General Context of the Image

From 1994 to 1999, Richard Neitzel Holzapfel and R. Q. Shupe gathered all the known images of Brigham Young produced during his lifetime. Published in Brigham Young: Images of a Mormon Prophet (2000), the collection came to include hundreds of images, including daguerreotypes, tintypes, ambrotypes, paintings, woodcuts, engravings, and pencil sketches. In addition to publishing these images of the Prophet Brigham, Holzapfel and Shupe attempted to provide dates, background information, and detailed descriptions for each image. However, determining the correct information was often difficult and sometimes impossible. In the introduction to their book, the authors note that “virtually all publications reproducing visual images of Brigham Young contain flaws in date identification. . . . Dating photographs and identifying photographers can be challenging, particularly when the only surviving image is a copy of a copy.”1

While researching their book, Holzapfel and Shupe came across only two photographs of Brigham posing with individual wives. The first is a 6 cm × 7 cm daguerreotype of Brigham and Margaret Peirce Young2 (fig. 2). The second is a portrait of Brigham and Amelia Folsom Young, taken in 1863—the year they were married.3 However, Holzapfel and Shupe heard from a number of Young family members, image collectors, and archivists about a third image of Brigham with a wife, an unidentified woman whose face on the daguerreotype had been completely smeared or scratched away. Unfortunately, Holzapfel and Shupe were unable to locate the image in time for their volume. However, a copy of the picture, owned by the Deseret News Company, was rediscovered just this year. Following a lead from Joseph M. Bauman, a collector and writer at the Deseret News, Holzapfel’s student research assistant Marc Bohn spent two days in the newspaper’s library before he found this copy of the image. Librarians there had not been aware that they had a copy of this rare print.

Image History

The daguerreotype belonged to a collection that today is housed in the Museum of Church History and Art of The Church of Jesus Christ of Latter-day Saints. Although a record of this image has existed in the Church’s artifact catalog since July 7, 1965, the image itself is missing from the museum’s collection. The Church’s artifact record H2623 contains the following description:

One photograph of Brigham Young and a wife encased in a leather case. The case has red velvet cushion with design and glass with gold trim to keep picture clean. Face of wife has been smeared away. Finishing on photograph in gold and pink.

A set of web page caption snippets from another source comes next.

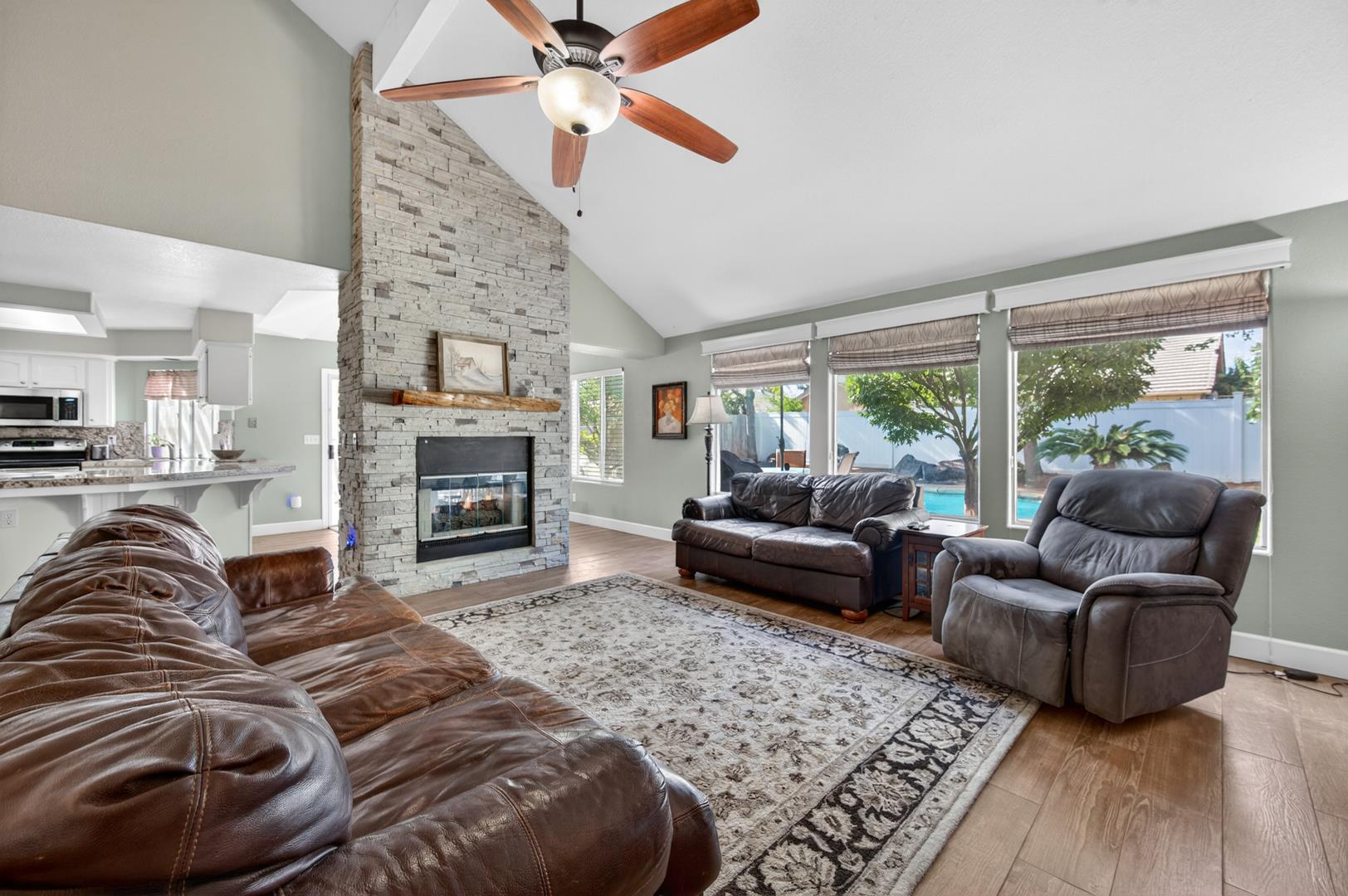6367 N Selland Ave, photo 15
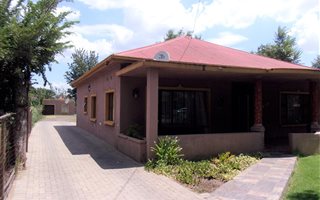 3 Bedroom House in Vereeniging Central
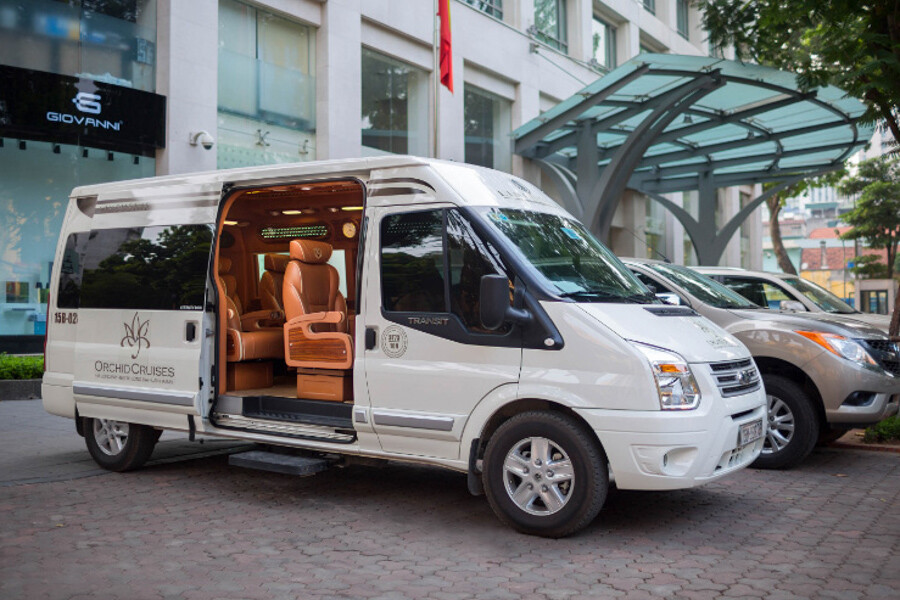 Halong to Van Don airport private car  3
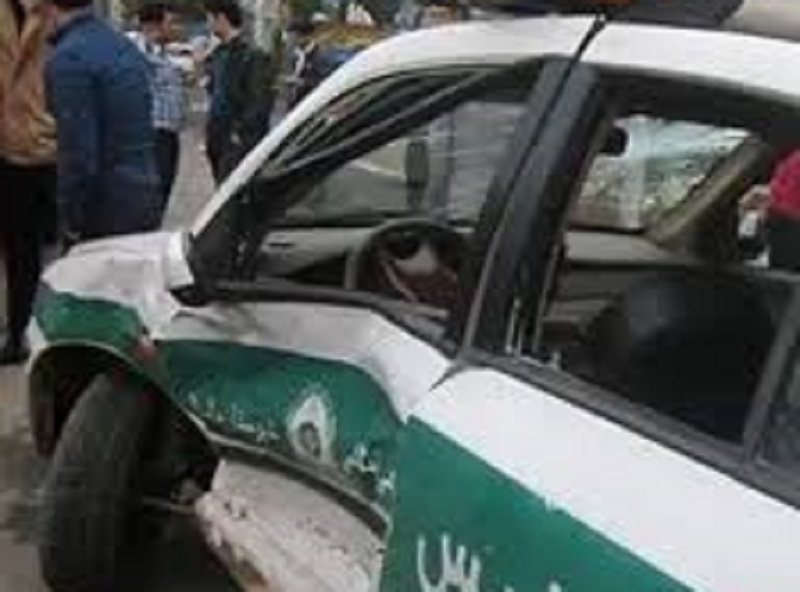İranda polis qüvvələrinə hücum edildi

The case has a design and two hooks to hold together when closed; dark brown in color.4

The only other information the catalog entry gives that would help to identify the image is the date 1849; no donor is named.5

Before it arrived at the museum, during the latter 1960s and through the 1970s, the collection containing the picture of Brigham and his mystery wife was stored in various places on Temple Square, including the basements of the North Visitors’ Center and the Tabernacle. This situation continued until May 1984, when the Church dedicated its new Museum of Church History and Art and relocated the collection to the museum. However, when they tried to match all objects with their record numbers in 1992, the curators never located item H2623 and declared it “unavailable,” its position “unknown.”6 Thus, all that can be said of the daguerreotype’s disappearance is that it occurred sometime between July 7, 1965, and 1992.

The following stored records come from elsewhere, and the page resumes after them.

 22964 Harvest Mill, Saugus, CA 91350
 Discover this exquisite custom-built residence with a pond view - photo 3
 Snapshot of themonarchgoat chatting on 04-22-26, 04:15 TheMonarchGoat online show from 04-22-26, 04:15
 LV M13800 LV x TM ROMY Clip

Some witnesses claim to have seen the original daguerreotype after 1965. For instance, Nyal Anderson, manager of Beehive Collector’s Gallery in Salt Lake City, says that sometime in the early to mid-1980s, a collector approached him seeking a price appraisal of a daguerreotype showing Brigham Young with a wife whose face had been scratched out. Although interested in the daguerreotype’s worth, the collector remained unwilling to sell the image.7

More concrete evidence of the missing daguerreotype appeared on February 24, 1971, when the Deseret News ran an article regarding a diary of Brigham Young.8 The article included a small photograph showing only Brigham Young’s face and neckerchief; however, the article’s view of Brigham was merely part of a larger photograph that the Deseret News Company had in its possession (fig. 1).9 The newly found complete photograph shows a nail-mounted daguerreotype of Brigham with his arm around a wife whose face is smeared away. Apparently the photograph shows H2623 removed from the leather and velvet casing described in the museum record. The photograph was evidently taken before the daguerreotype entered the Church collection.

Although this photograph of the daguerreotype clearly matches the museum’s description of their missing artifiact, the newspaper’s information conflicts with the museum’s record. The Deseret News article claims that the image shows Brigham “at about the time [the] diary was written.”10 President Young dictated the diary from May 27, 1857, to September 21 of the same year, while the museum archive record dates the daguerreotype to 1849. Adding to the confusion about dates, pencil handwriting on the back of the Deseret News Company’s copy reads simply, “Brigham Young in the early 60’s,” and the Deseret News library contains no documentation of its acquisition of the photograph. In view of such confusing or incomplete documentation, we turn to the image itself, which reveals that it was probably taken in the early 1850s.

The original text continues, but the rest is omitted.